What if, we take the view of the person being coached, the “coachee”. It is widely accepted that coaching is unlocking a person’s potential to maximise their own performance. (John Whitmore, in Coaching for Performance).
This is great for those that have clarity in understanding themselves and what they want to specifically work on, but often clients say they are stuck and, in a fog, when they come to me for 1:1 coaching.
Its when I hear this, I ask “What does it look, sound and feel like for the coach who is actually in the coaching experience?”
It looks like …two people, one coach and you the coachee (you might be the client and/or coachee depending on who is sponsoring the coaching. You’ll be having a session or number of agreed sessions usually 6 – 8 lasting 30 – 60 minutes. You’ll be in a private space either digitally or in person or even possibly outside but nontheless private. You’ll exchange words, questions, responses, but there will be times when it is very quiet. This is because your coach is fully engaging their listening skills and you are doing extremely important thinking. You will also see your coach observing you carefully because they are noticing all your behaviour, a glance away or change in posture.
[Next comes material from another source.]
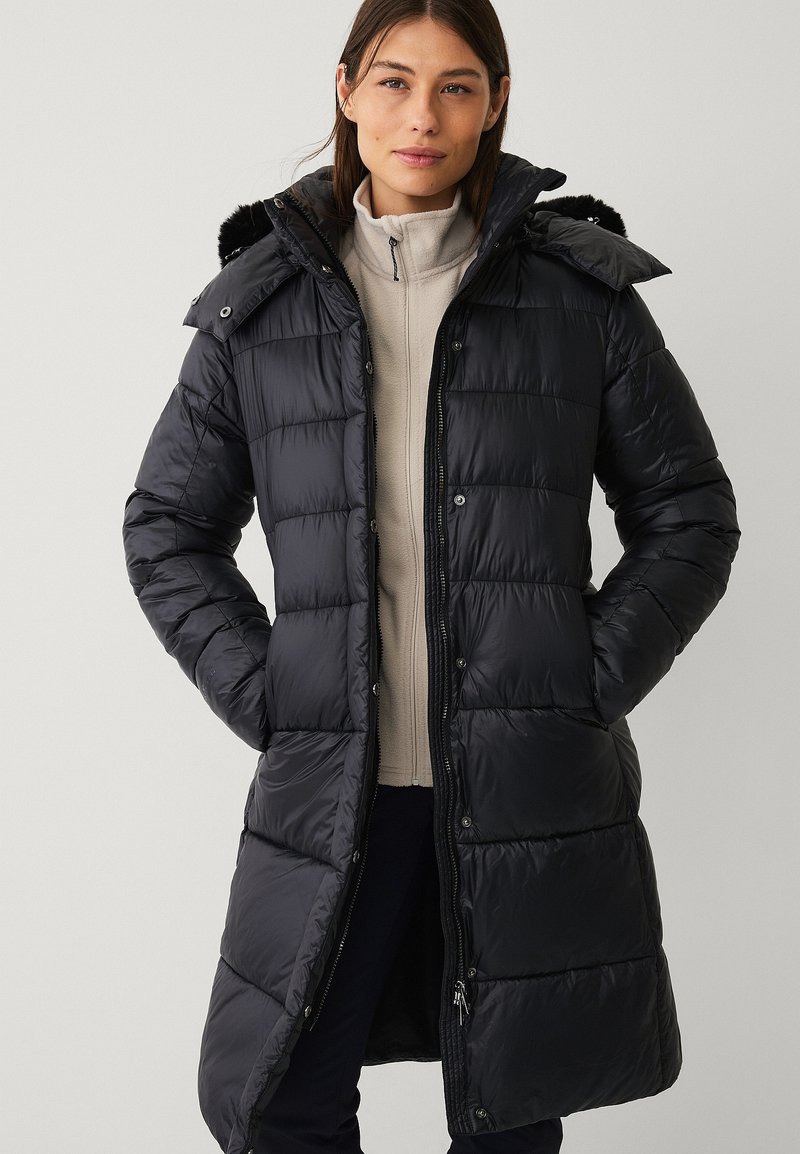 Sort puffer-jakke med aftagelig hætte, kviltet design, lynlås- og trykknaplukning samt sidelommer. Båret over en lys beige top.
This is because it is all valuable information or data as a coach might say.
It sounds like……lots of talking and silence, too. both are important especially because of the sensory listening skills your coach will use. I have heard of practitioners such as Linda Asprey who have worked with clients where almost the entire session is void of speaking. You will also hear a clear structure to the session where your coach will begin by asking questions such as “how are you coming into this session today?” or will start by saying “I will today…….”. Your coach will explain their role and will communicate with you verbally and nonverbally. By asking powerful questions, reflecting back the words the coach says, sharing what they sense they are experiencing or even engaging in silence and being non-verbal time way longer than you might ever see in a work-based experience.
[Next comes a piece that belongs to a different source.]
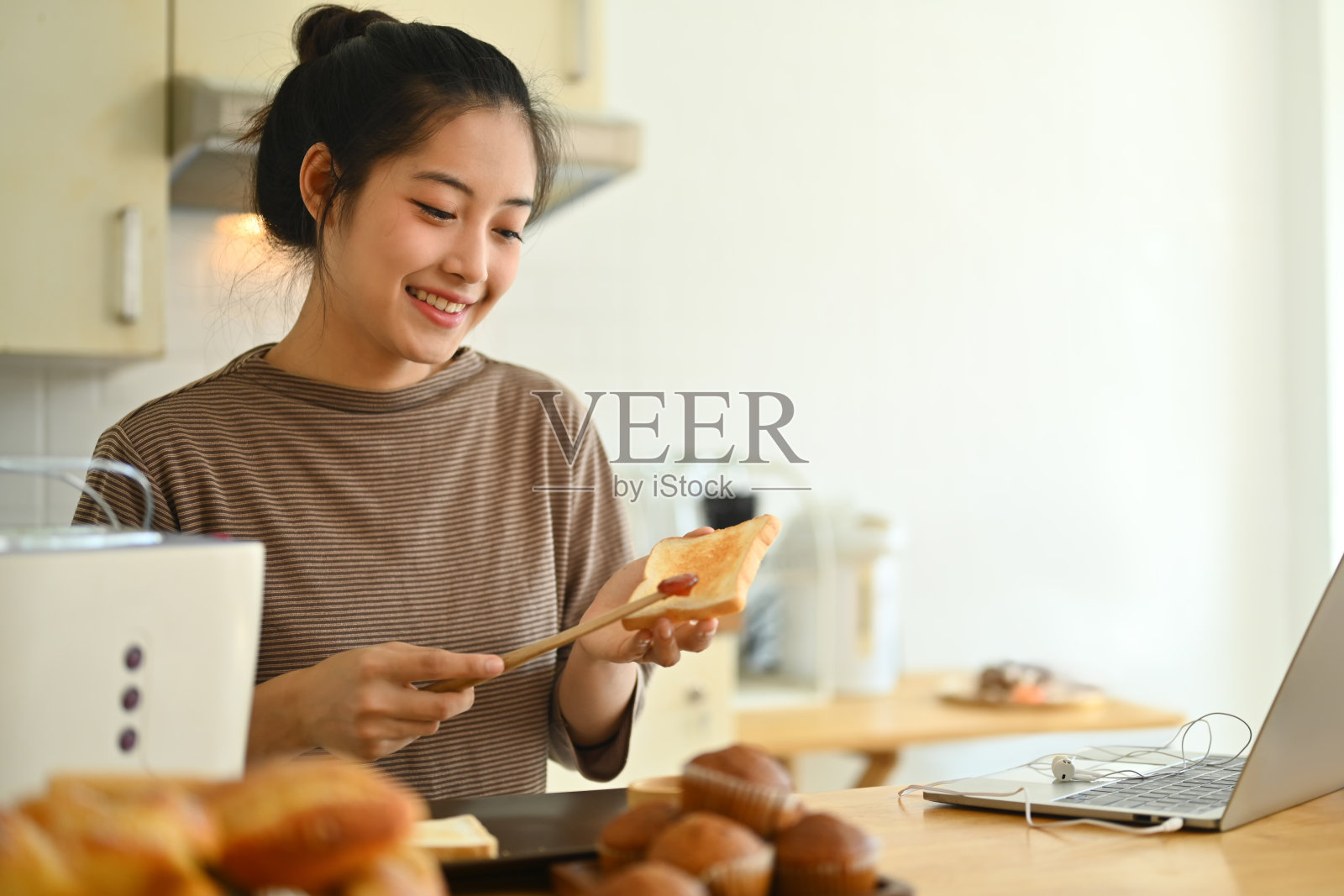 年轻迷人的家庭主妇在厨房准备早餐时把草莓酱涂在面包片上照片摄影图片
It feels like……. a very new and different experience if you haven’t been coached before. It can give you many possible sensations that might be new to a work or leadership conversation because you are not being judged. You might be uncomfortable but never dangerous, you might feel challenged or vulnerable but never unsafe. You will always feel safe, this is fundamental to coaching ethics and is known as “psychological safety”. It may also feel very fluid that doesn’t seem to follow much of a format. Be reassured that your coach through many many accredited hours of practice will have a library of coaching models in their tool kit. From vastly positive feelings of clarity or emotional release where you discover new thinking, these become moments or pebble drop moments that you will remember. Whilst it can feel very natural to have a natural flow you will be aware of a definite beginning and end when your coach will ensure you are happy to close the session even asking, “how did we do today?”
Do you have a clear idea of what it would be like in a coaching session? What do you think about coaching now?